Ireland was on the verge of rebellion
when Wellington and Peel took office, and in the person
of O’Connell it possessed a leader of splendid
eloquence and courage, who pressed the claims of the
Roman Catholics for immediate relief from religious
disabilities. Whilst the Government was deliberating
upon the policy which they ought to pursue in presence
of the stormy and menacing agitation which had arisen
in Ireland, the Protestant Dissenters saw their opportunity,
and rallied their forces into a powerful organisation
for the total repeal of the Test and Corporation Acts.
Their cause had been quietly making way, through the
Press and the platform, during the dark years for political
and religious liberty which divide 1820 from 1828,
and the Protestant Society had kept the question steadily
before the public mind. Meanwhile that organisation
had itself become a distinct force in the State.

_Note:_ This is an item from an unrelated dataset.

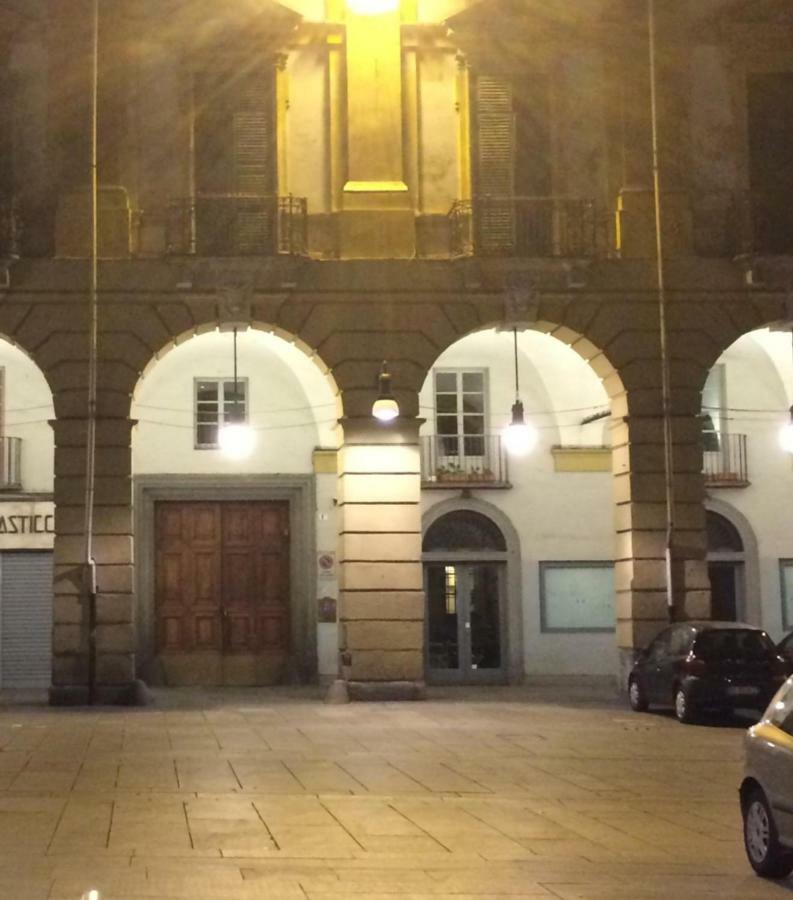 Porta Palatina Turin Ngoại thất bức ảnh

’The leaders of the Whig party now formally
identified themselves with it. In one year the
Duke of Sussex took the chair; in another Lord Holland
occupied the same position; Sir James Mackintosh delivered
from its platform a defence of religious liberty,
such as had scarcely been given to the English people
since the time of Locke; and Lord John Russell, boldly
identifying himself and his party with the political
interests of Dissenters, came forward as chairman
in another year, to advocate the full civil and religious
rights of the three millions who were now openly connected
with one or other of the Free Churches. The period
of the Revolution, when Somers, Halifax, Burnet, and
their associates laid the foundations of constitutional
government, seemed to have returned.’ Immediately
Parliament assembled, Lord John Russell backed
by many petitions from the Nonconformists gave
notice that on February 26 it was his intention to
move the repeal of the Test and Corporation Acts.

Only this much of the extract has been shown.